What the task asks: Reproduce from the records below, with no pictures, exactly the lines between the one containing "2164 S Olivewood" and the one containing "For Dreame X40", inclusive.

----- Records to process

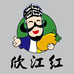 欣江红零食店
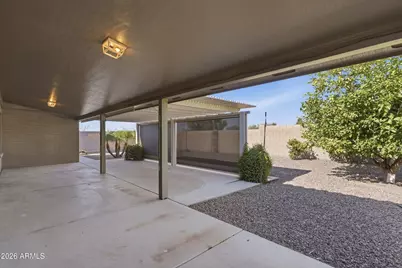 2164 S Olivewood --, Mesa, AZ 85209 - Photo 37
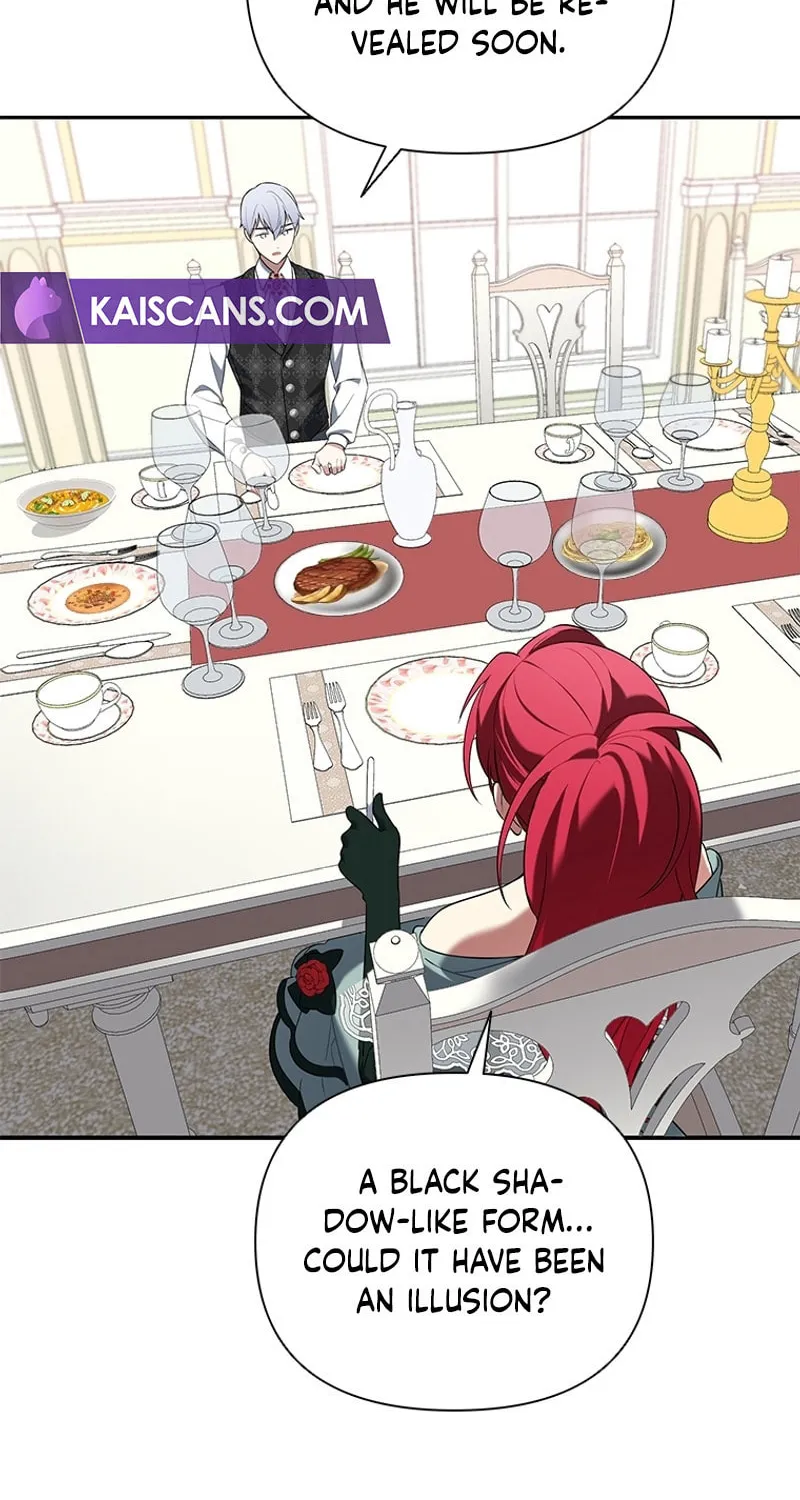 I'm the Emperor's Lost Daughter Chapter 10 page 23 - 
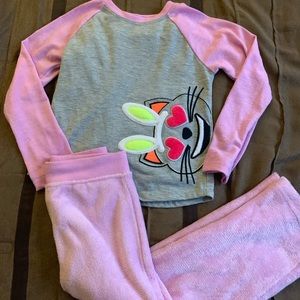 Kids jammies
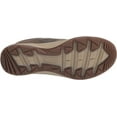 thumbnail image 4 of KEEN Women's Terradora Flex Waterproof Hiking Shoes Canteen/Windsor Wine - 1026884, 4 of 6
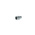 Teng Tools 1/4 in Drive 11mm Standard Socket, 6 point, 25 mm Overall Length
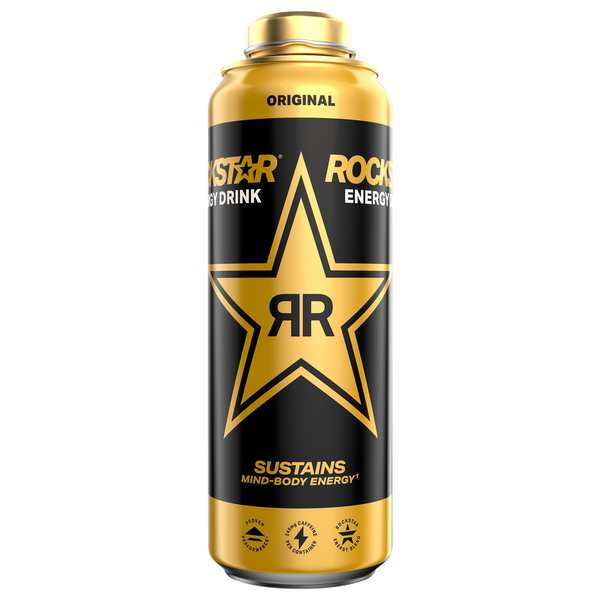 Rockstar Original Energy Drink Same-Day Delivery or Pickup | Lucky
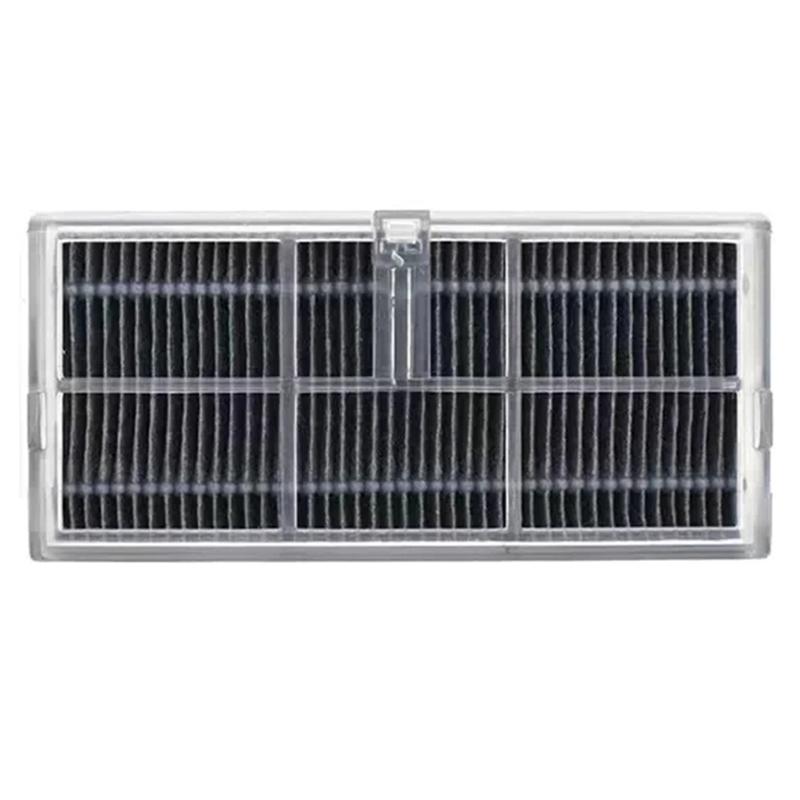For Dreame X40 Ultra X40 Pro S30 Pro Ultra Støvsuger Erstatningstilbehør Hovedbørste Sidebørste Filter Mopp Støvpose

----------
----- Records to process

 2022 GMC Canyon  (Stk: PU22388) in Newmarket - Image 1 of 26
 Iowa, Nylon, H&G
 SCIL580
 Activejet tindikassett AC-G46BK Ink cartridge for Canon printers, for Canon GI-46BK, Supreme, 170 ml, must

----------
----- Records to process

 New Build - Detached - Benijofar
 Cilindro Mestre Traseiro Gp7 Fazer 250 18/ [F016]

----------

Response to the exercise:
 2164 S Olivewood --, Mesa, AZ 85209 - Photo 37
 I'm the Emperor's Lost Daughter Chapter 10 page 23 - 
 Kids jammies
 thumbnail image 4 of KEEN Women's Terradora Flex Waterproof Hiking Shoes Canteen/Windsor Wine - 1026884, 4 of 6
 Teng Tools 1/4 in Drive 11mm Standard Socket, 6 point, 25 mm Overall Length
 Rockstar Original Energy Drink Same-Day Delivery or Pickup | Lucky
For Dreame X40 Ultra X40 Pro S30 Pro Ultra Støvsuger Erstatningstilbehør Hovedbørste Sidebørste Filter Mopp Støvpose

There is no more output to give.